Directions » The pictures stay out. Please retype every line below exactly.

Data shown »
-- -- --
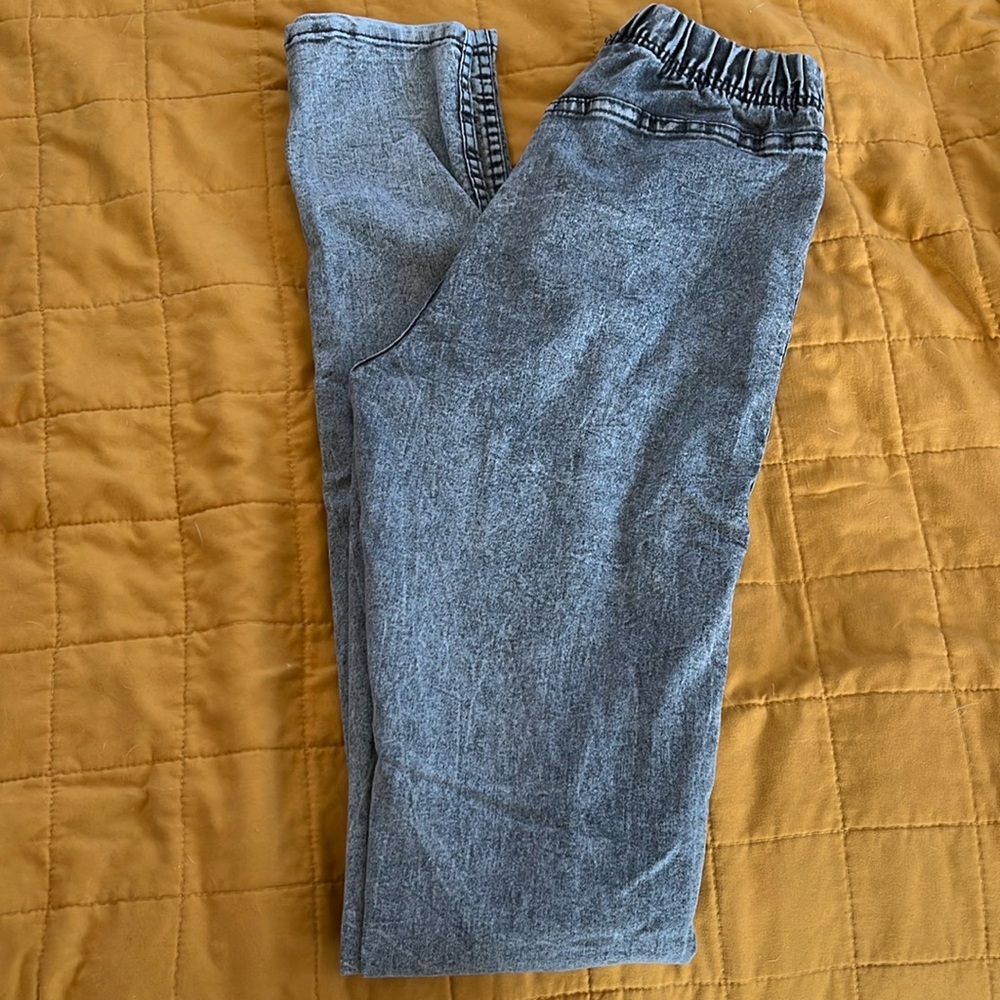 H&M Black Acid Wash Jeggings  Size 6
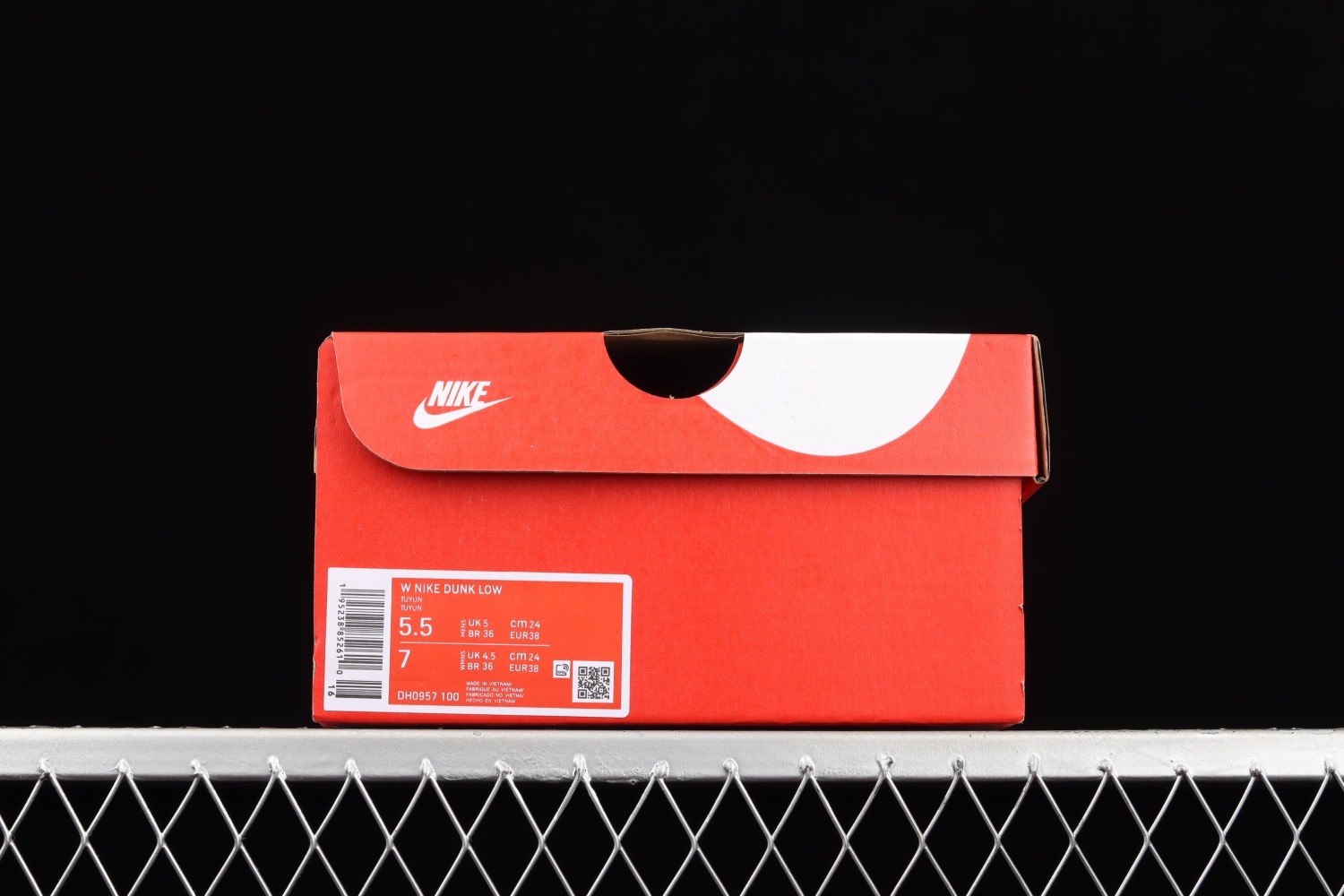 Nike Dunk Low SE Sail Multi-Camo DH0957-100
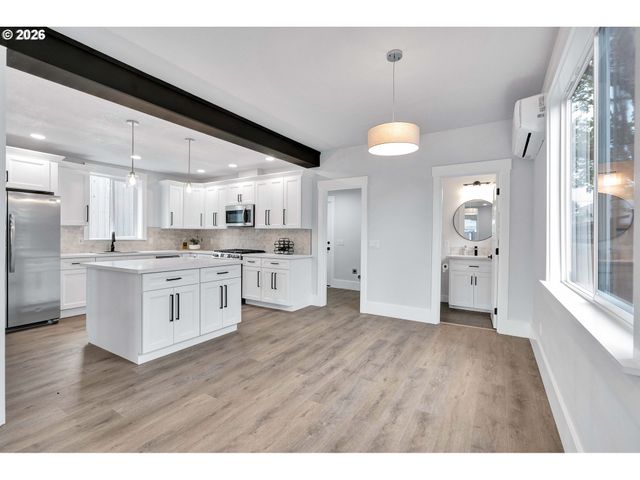 15 Ne 80TH Ave, Portland, OR 97213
-- -- --
Exercise solution »
 H&M Black Acid Wash Jeggings  Size 6
 Nike Dunk Low SE Sail Multi-Camo DH0957-100
 15 Ne 80TH Ave, Portland, OR 97213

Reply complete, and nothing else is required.